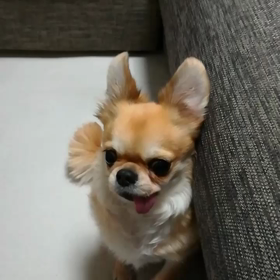 お願いお願い犬の画像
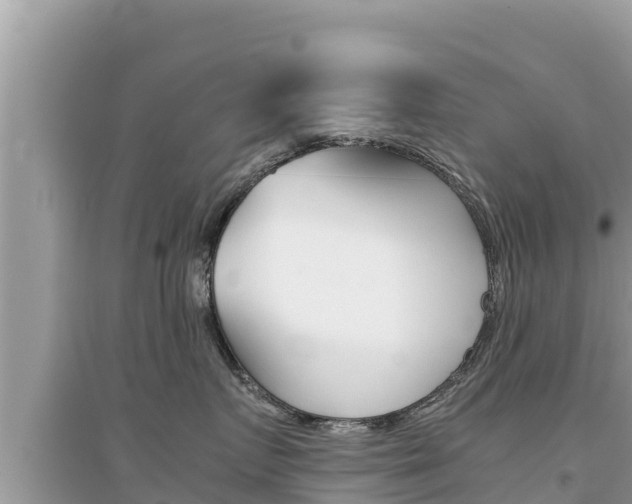 X0000095120719200712070943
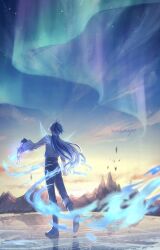 flins (genshin impact) from genshin impact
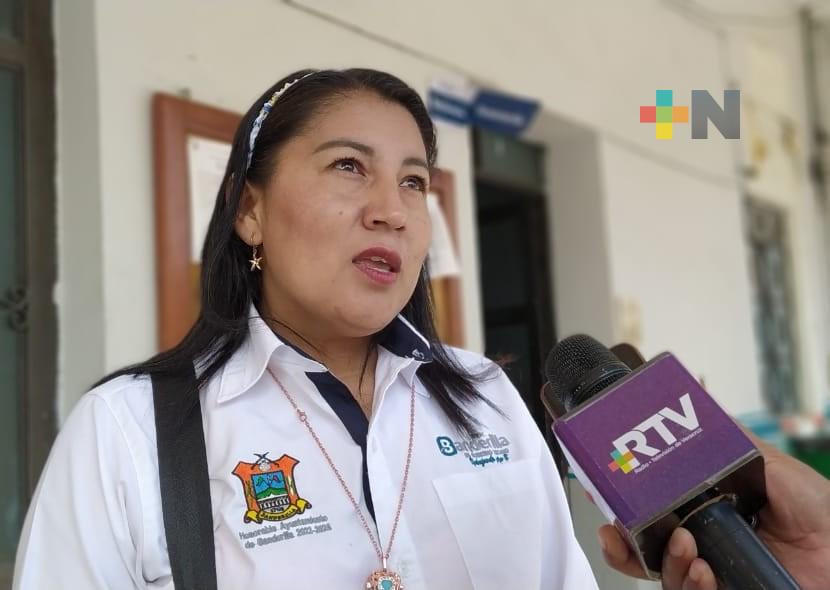 Para evitar riesgos, realizan poda de árboles en planteles escolares de Banderilla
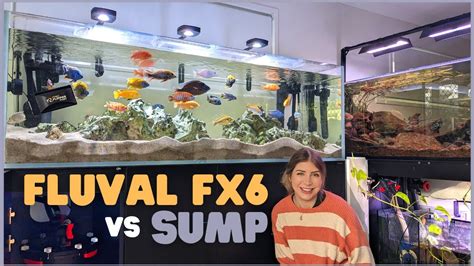 Fx6 Canister Filter Versus Sump Filtration Which Is Better Youtube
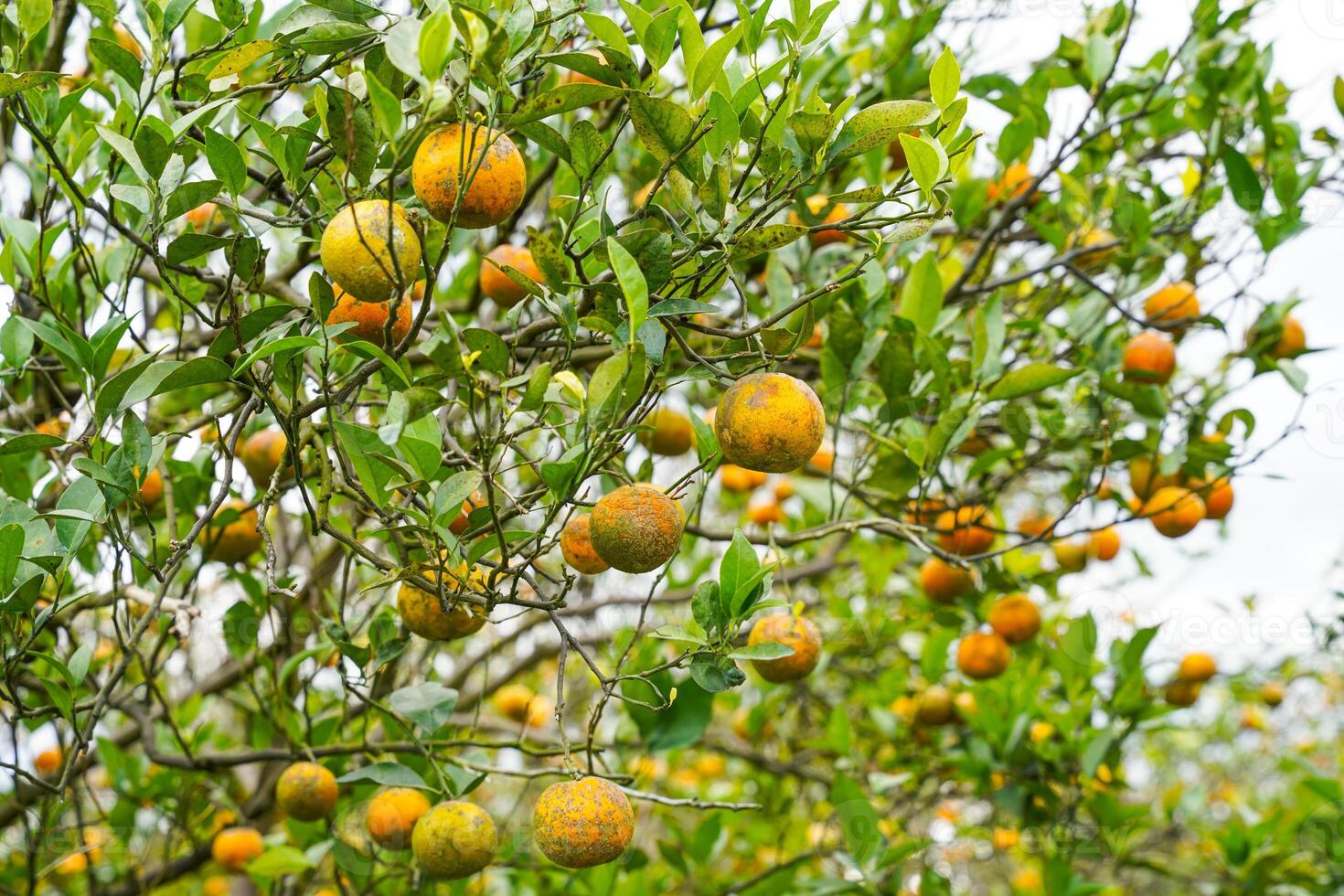 Oranges on the Tree ready for Harvests. Navel orange, Citrus sinensis or known as Limau Madu photo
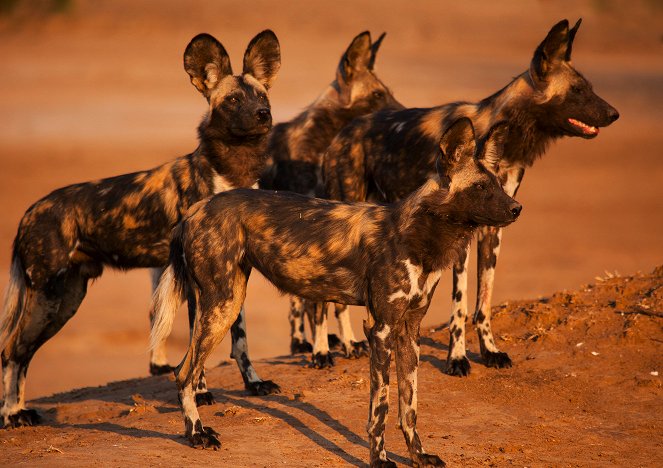 Universum: Dynasties - Der Clan der Tiere - Afrikanische Wildhunde - Filmfotos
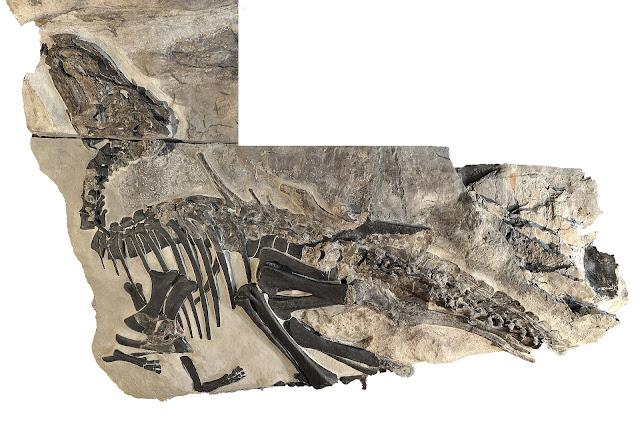 Ο σκελετός του«Μπρούνο», ενός ενήλικου δεινοσαύρου Tethyshadros insularis που περιγράφεται στη νέα δημοσίευση.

## Work order
From the material above, print everything exactly except the pictures.

## Solution below
 お願いお願い犬の画像
 X0000095120719200712070943
 flins (genshin impact) from genshin impact
 Para evitar riesgos, realizan poda de árboles en planteles escolares de Banderilla
 Fx6 Canister Filter Versus Sump Filtration Which Is Better Youtube
 Oranges on the Tree ready for Harvests. Navel orange, Citrus sinensis or known as Limau Madu photo
 Universum: Dynasties - Der Clan der Tiere - Afrikanische Wildhunde - Filmfotos
 Ο σκελετός του«Μπρούνο», ενός ενήλικου δεινοσαύρου Tethyshadros insularis που περιγράφεται στη νέα δημοσίευση.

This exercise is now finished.